Being back in hospital was like having my head pushed into a vat of freezing cold water, it was a warning that things could not regress the way that they were, or I would end up in a very unforgiving place. It was a painful reminder that other people were suffering more than I could ever comprehend, and that I was in such a place of privilege to be able to articulate my thoughts and feelings to my peers, even during periods of intense emotions. 

Acute wards are not an experience I would wish upon anybody; although the staff are wonderful, with nothing but good intentions, they are overworked and underpaid, and are having to deal with mental conditions that far exceed their handling capacity. There is very little separation in wards, with the main difference being the security of the ward itself, so the people can be unpredictable, and unfortunately, quite scary at times, which is why I would only ever go to a ward again as a last resort, which it can be for many reasons, the main one being that you are no longer able to keep yourself safe at home, and need to go to a temporary place of safety. 

It’s incredibly hard to describe how it feels to be hospitalised, I tended to cycle through feeling like a failure for being there, and feeling like an imposter as my symptoms are less prominent than others, I journalled almost constantly while I was there, but rarely was I able to write anything deeper than descriptions of what had happened that day, as I was so engrossed in the microcosm of the ward that I wasn’t able to do any real work on myself, which is why these wards are generally just used to facilitate short stays until you are either discharged or moved on. A change of environment gave me a chance to see myself and life from a new angle, which helped relieve that desperate feeling of being ‘stuck’, as I’m sure many of you are experiencing during this pandemic, so I was grateful for that. I was reminded of what was important for my stability in day to day life, by having my routine stripped back to basics, using my phone and social media less, being in nature, and having set meal times, all of these aspects are what I hope to carry forwards in my recovery. 

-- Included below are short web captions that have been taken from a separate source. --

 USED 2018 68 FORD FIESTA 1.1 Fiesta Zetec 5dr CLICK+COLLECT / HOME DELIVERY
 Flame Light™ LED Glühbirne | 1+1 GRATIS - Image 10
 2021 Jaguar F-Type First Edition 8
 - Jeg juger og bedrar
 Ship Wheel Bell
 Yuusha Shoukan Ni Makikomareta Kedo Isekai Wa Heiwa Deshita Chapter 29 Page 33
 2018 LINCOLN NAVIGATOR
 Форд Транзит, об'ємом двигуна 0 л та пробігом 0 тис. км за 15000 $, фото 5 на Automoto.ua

The NHS is truly a lifesaver, with private psychiatric wards costing around £5k a week, being given access to a place of safety, with 3 meals a day minimum, nurses, doctors, occupational therapy and a room with a locked door for free is incredible. I’m so grateful for the nurses that provided me with words of comfort, cups of tea, and the occasional joke, as in the space of a week, despite the unpredictable setting, I went from being ready to take my own life, to looking forward to going home to be with my housemates and feeling like I had been given a clean slate to give things another go, and I believe that wouldn’t of been possible without the patience and support I received from not just staff, but patients too, during my stay at the ward.